5) With the GWX in so far as upgrading the engine is concerned, the team pretty much null and voided this a bit, in stock game a MAN VIIC could do 20 knots on a calm sea flat out, the best possible they could do was 18 at most that was the sheer death of it. All U-boats when built had supercharging to get as much speed out of the diesels as possible.

GWX models it in such a way, I believe if I am remembering right from what Kpt. Lehmann said... is that tehy powered down the non-upgraded engine slightly only very very slightly, and the upgrades they decreased the significance of, so that the U-boats would not go excessively faster than their historical top speeds. If that makes any sense.

So when you upgrade to a MAN engine, you are in fact just upgrading the U-boat to its historic top speed, which on a VIIC is about 18 knots going flank. But in reality, the differences in GWX are now very very slight.

Fenris_Wolf
09-02-07, 08:35 AM
Let me explain that salvo shot a little further. The two ships in that convoy column were moving at the same speed in the column. I took a reading with the attack periscope and got a difference of ~10 degrees between the centres of the two ships. Then I setup the shot in the TDC with a 10 degrees spread and a gyroangle reading of 0 and waited with the column approaching into my sight from port. I waited until the leading target passed the point where the gyroangle read 0 and upto when it was about to hit 5 degrees. That's when I fired the salvo. It only hit the lead target because of an error.

The only error in that whole setup, I think, was that I was not positioned perpendicular to their course line. Also it was hard to not screw up the shot, having to move the periscope back and forth to confirm angles and then bring it back to 0 and also rely on a bit of luck and inaccuracy due to the twitch play. What I needed was a second observation instrument so I don't have to move the attack periscope back and forth. Maybe someone has a more refined procedure for this? :/\\x:

bigboywooly
09-02-07, 08:52 AM
While waiting for the ships to close I prepare 2 salvos

Tubes 1 and 4 and tubes 2 and 3

Usually tubes 1 and 4 have slow electrics in so I set them up for the first target
Set tubes 2 and 3 up with fast speed steamers for second target

When first target reaches my mark I loose the first salvo
Switch scope to second target and switch TDC to second salvo altering course if neds be

Loose second salvo

Both should reach the ships roughly the same time

There is no way I know off to use two different optics for 2 different targets and get TDC to recognise that

desirableroasted
09-02-07, 04:25 PM
GWX models it in such a way, I believe if I am remembering right from what Kpt. Lehmann said... is that tehy powered down the non-upgraded engine slightly only very very slightly, and the upgrades they decreased the significance of, so that the U-boats would not go excessively faster than their historical top speeds. If that makes any sense.

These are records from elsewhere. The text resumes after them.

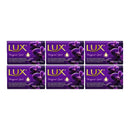 LUX Magical Spell Bar Soap With Exotic Blooms & Essential Oils, 80g (Pack of 6)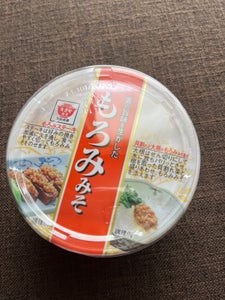 ますやみそ もろみみそ カップ 180g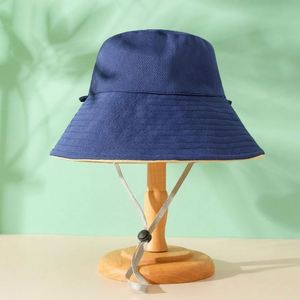 Wholesale Reversible Sun <b>Women</b> Bucket Summer <b>Hats</b> Upf 50+ Uv Protection <b>for</b> Hiking Garden Fisherman <b>Hat</b> Promotion Gifts - Product Image 4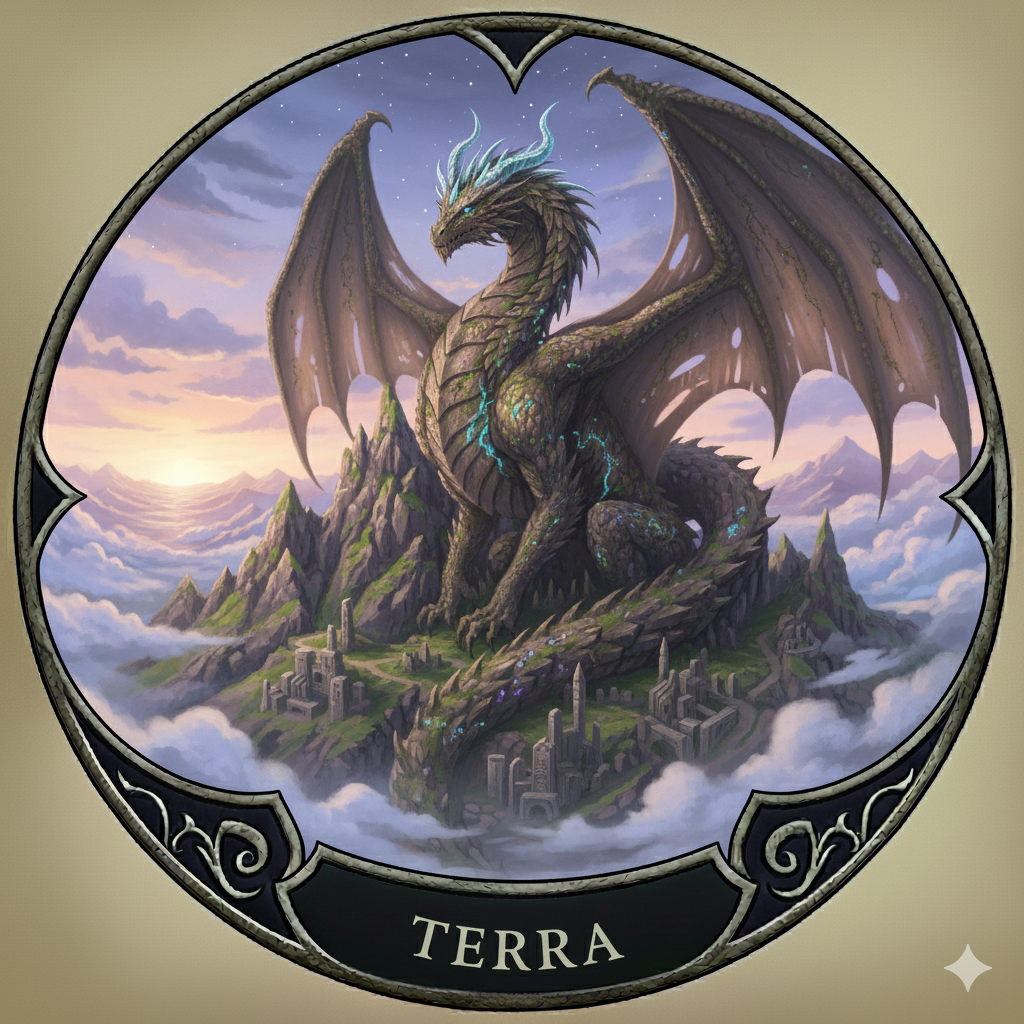 Terra: The Mountain-Heart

So when you upgrade to a MAN engine, you are in fact just upgrading the U-boat to its historic top speed, which on a VIIC is about 18 knots going flank. But in reality, the differences in GWX are now very very slight.

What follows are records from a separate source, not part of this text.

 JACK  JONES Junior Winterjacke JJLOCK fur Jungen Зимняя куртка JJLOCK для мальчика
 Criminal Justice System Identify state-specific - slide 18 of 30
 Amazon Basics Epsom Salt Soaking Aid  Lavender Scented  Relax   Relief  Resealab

Whoa...that would have been good to know about two patrols ago. :huh:

siber
09-03-07, 02:35 AM
I took a reading with the attack periscope and got a difference of ~10 degrees between the centres of the two ships. Then I setup the shot in the TDC with a 10 degrees spread and a gyroangle reading of 0 and waited with the column approaching into my sight from port.
Note that when ships are in colunm, if you're observing them at an angle of, say, 45 degrees to port and the angular difference between ships is 10 deg, once the ships are ahead of you, the angular difference between them will have increased, possibly up to 90 degrees or more. Be mindful of this - could it have been your problem?

Knowing convoys, the only way ships following one another will be seperated by 10 degrees when ahead of you is if you're a long long way away.